Recently on the
Nature website, I read with great interest a news article, titled "Publish your computer code: it is good enough", by Nick Barnes, a professional software engineer:
Freely provided working code — whatever its quality — improves programming and enables others to engage with your research
Clearly the author knows the "trade secret" in scientific programming. He lists several common reasons why scientists are reluctant to share their source code, and then provides his responses:
- The code is low quality — "software in all trades is written to be good enough for the job intended". All software has bugs. Sharing code would help improve the code itself and advance the research field.
- Not a common practice — this is going to change or is already changing.
- Demand for support — "Nobody is entitled to demand technical support for freely provided code."
- Intellectual property issue — The most value part "lies in your expertise", code not backed by skilled experts is called abandonware. (I cannot agree more with this point.)

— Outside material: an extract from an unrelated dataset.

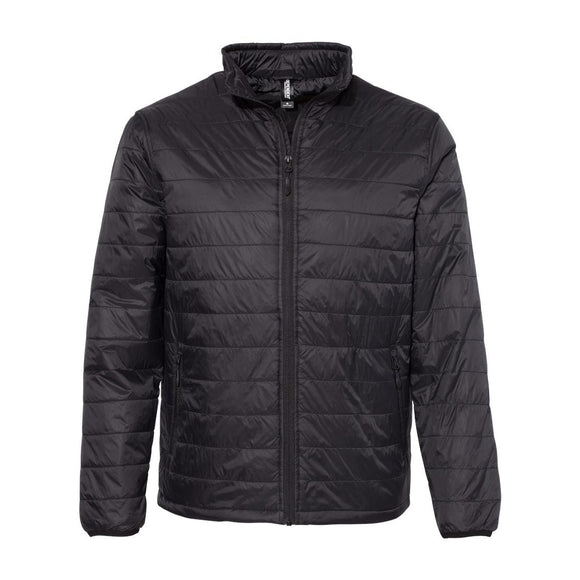 Independent Trading Co. - Puffer Jacket - EXP100PFZ - Black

- Polishing code takes time/effort — not need to, just supply, as supplementary materials in a website, the original code used in your publication.
As is evident from the many comments, this assay is well echoed by the community. As an active computational scientist for over a decade, I share mostly the same opinions. Essentially, the transparency of source code is to ensure
repeatability of scientific publications. In the field of computational biology (bioinformatics), it is
virtually impossible to reproduce exactly a published figure/table without direct access to details, including the source code.